— Input data —
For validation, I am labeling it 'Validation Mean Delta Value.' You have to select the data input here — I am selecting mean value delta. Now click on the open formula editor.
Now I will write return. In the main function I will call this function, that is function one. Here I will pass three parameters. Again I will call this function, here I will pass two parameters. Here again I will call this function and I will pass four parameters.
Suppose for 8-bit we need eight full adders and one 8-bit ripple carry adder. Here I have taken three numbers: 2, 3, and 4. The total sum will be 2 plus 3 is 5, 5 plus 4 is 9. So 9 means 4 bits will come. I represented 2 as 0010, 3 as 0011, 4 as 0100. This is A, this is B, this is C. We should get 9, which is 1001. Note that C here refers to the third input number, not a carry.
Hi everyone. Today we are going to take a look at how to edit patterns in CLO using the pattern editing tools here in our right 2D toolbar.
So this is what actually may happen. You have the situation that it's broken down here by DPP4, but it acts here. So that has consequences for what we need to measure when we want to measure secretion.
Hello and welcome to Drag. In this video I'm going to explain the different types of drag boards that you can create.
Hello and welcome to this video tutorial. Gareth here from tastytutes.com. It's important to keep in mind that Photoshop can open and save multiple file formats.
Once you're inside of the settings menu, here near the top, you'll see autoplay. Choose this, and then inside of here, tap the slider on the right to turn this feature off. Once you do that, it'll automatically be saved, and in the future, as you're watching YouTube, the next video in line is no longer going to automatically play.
---
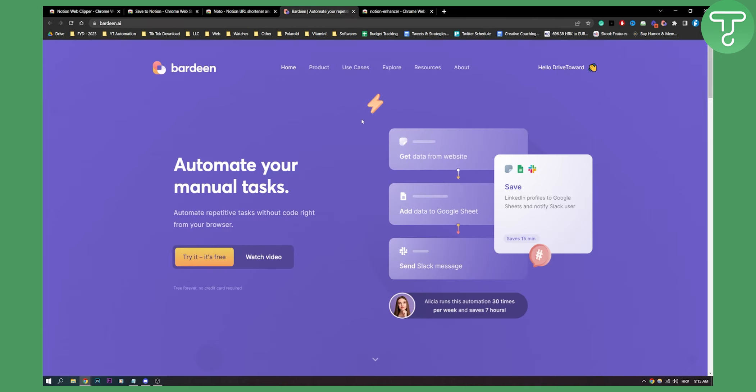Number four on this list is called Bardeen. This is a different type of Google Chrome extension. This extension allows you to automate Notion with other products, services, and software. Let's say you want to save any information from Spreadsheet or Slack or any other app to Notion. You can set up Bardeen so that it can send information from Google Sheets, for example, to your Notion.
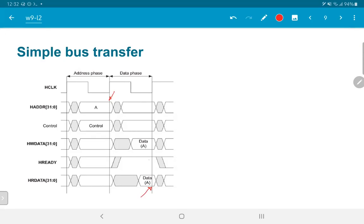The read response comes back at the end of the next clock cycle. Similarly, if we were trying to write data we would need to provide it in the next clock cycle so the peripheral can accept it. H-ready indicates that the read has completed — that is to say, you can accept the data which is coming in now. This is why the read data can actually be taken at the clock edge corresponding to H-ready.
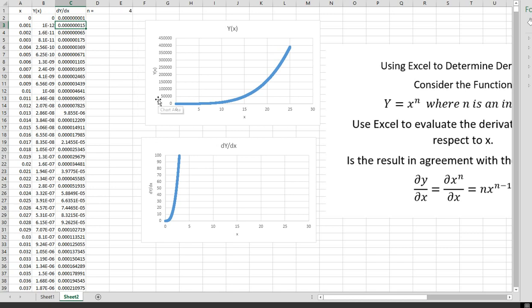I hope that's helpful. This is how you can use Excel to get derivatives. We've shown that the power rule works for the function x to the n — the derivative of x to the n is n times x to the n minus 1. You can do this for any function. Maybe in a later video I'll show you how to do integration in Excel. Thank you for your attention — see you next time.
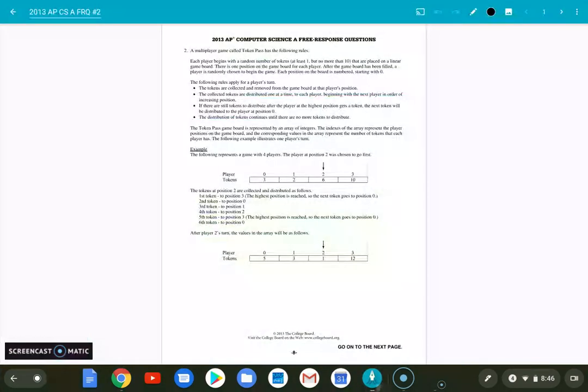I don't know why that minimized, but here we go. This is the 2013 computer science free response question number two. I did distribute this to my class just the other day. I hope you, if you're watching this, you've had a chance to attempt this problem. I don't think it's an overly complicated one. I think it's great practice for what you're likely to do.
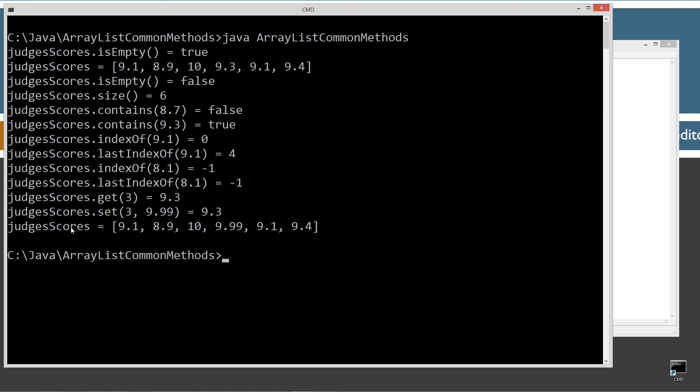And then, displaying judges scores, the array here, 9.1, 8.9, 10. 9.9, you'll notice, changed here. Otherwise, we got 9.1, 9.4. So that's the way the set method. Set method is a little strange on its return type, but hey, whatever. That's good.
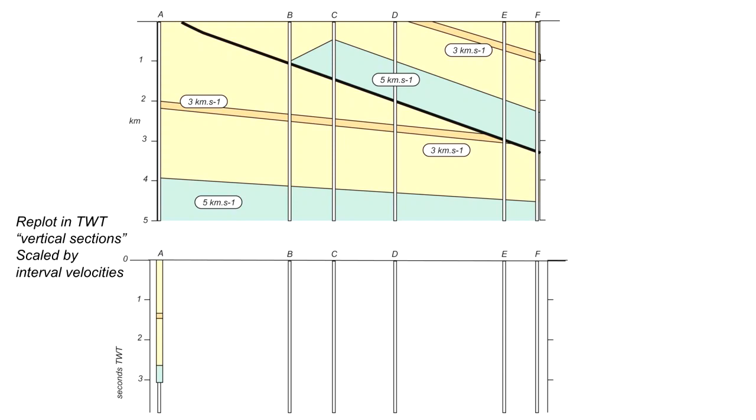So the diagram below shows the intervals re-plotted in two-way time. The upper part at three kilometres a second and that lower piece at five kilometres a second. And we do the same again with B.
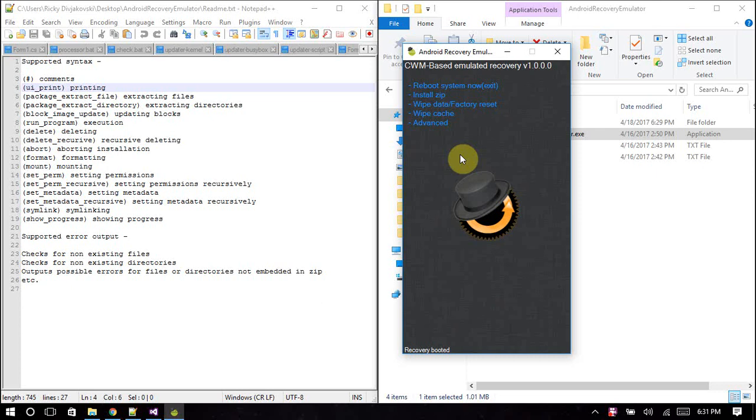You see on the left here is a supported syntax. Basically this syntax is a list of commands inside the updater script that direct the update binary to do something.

— Task directions —
What is needed is an exact copy of the lines above, from the one containing "For validation, I" through the one containing "Hello and welcome to Drag.", with nothing added.

— Result —
For validation, I am labeling it 'Validation Mean Delta Value.' You have to select the data input here — I am selecting mean value delta. Now click on the open formula editor.
Now I will write return. In the main function I will call this function, that is function one. Here I will pass three parameters. Again I will call this function, here I will pass two parameters. Here again I will call this function and I will pass four parameters.
Suppose for 8-bit we need eight full adders and one 8-bit ripple carry adder. Here I have taken three numbers: 2, 3, and 4. The total sum will be 2 plus 3 is 5, 5 plus 4 is 9. So 9 means 4 bits will come. I represented 2 as 0010, 3 as 0011, 4 as 0100. This is A, this is B, this is C. We should get 9, which is 1001. Note that C here refers to the third input number, not a carry.
Hi everyone. Today we are going to take a look at how to edit patterns in CLO using the pattern editing tools here in our right 2D toolbar.
So this is what actually may happen. You have the situation that it's broken down here by DPP4, but it acts here. So that has consequences for what we need to measure when we want to measure secretion.
Hello and welcome to Drag. In this video I'm going to explain the different types of drag boards that you can create.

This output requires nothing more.